-- Requirement --
Copy each line of the records below that has "Baseball" in it.

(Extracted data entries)
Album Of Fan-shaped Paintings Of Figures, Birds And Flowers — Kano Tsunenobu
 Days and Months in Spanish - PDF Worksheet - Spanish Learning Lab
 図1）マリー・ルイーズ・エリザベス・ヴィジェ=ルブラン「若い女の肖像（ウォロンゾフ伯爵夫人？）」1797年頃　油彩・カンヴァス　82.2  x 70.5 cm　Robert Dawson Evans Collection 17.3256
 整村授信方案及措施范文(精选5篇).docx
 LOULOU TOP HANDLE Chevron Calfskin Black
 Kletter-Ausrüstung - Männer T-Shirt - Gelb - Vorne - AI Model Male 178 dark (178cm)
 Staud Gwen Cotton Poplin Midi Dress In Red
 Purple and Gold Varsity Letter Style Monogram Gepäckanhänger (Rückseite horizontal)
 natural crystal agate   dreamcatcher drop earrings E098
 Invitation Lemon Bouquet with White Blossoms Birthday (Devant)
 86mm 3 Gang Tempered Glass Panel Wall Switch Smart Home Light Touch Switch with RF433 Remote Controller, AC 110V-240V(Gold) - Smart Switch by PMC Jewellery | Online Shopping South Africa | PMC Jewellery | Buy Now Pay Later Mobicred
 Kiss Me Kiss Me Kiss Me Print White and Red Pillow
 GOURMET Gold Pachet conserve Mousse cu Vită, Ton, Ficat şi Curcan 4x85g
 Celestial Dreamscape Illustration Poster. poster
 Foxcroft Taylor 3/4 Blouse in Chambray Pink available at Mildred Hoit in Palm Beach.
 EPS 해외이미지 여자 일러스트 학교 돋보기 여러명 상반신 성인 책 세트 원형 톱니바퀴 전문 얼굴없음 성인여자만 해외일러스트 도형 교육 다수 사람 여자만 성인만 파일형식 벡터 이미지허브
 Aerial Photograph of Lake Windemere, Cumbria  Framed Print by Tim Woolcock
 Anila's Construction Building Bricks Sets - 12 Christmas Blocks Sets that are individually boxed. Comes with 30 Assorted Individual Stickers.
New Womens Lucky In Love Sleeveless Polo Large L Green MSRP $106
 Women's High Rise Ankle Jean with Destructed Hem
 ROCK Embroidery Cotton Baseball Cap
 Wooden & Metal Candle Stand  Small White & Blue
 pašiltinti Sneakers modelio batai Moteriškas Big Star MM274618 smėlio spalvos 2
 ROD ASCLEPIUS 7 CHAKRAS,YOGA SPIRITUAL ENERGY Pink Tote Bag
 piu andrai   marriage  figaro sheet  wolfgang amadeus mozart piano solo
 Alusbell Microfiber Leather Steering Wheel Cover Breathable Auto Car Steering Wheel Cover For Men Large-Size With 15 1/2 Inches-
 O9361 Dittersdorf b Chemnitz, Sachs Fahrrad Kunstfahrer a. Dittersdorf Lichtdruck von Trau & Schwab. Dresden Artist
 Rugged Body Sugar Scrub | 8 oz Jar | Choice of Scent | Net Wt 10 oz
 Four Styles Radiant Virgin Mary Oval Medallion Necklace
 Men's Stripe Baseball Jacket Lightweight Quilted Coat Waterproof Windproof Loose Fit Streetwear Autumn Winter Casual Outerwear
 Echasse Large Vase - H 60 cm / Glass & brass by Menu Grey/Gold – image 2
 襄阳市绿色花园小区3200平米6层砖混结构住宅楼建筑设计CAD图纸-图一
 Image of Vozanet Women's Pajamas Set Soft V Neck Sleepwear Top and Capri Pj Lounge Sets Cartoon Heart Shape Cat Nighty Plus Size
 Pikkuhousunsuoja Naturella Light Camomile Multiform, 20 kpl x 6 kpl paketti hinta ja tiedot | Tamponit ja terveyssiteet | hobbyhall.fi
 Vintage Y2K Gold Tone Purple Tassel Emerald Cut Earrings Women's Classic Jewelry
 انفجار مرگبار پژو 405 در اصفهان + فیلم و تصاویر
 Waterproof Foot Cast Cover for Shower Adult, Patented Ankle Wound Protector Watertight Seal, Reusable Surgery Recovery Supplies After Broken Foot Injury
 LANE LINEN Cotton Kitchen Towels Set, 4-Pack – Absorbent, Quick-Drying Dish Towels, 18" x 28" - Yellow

-- Result --
 ROCK Embroidery Cotton Baseball Cap
 Men's Stripe Baseball Jacket Lightweight Quilted Coat Waterproof Windproof Loose Fit Streetwear Autumn Winter Casual Outerwear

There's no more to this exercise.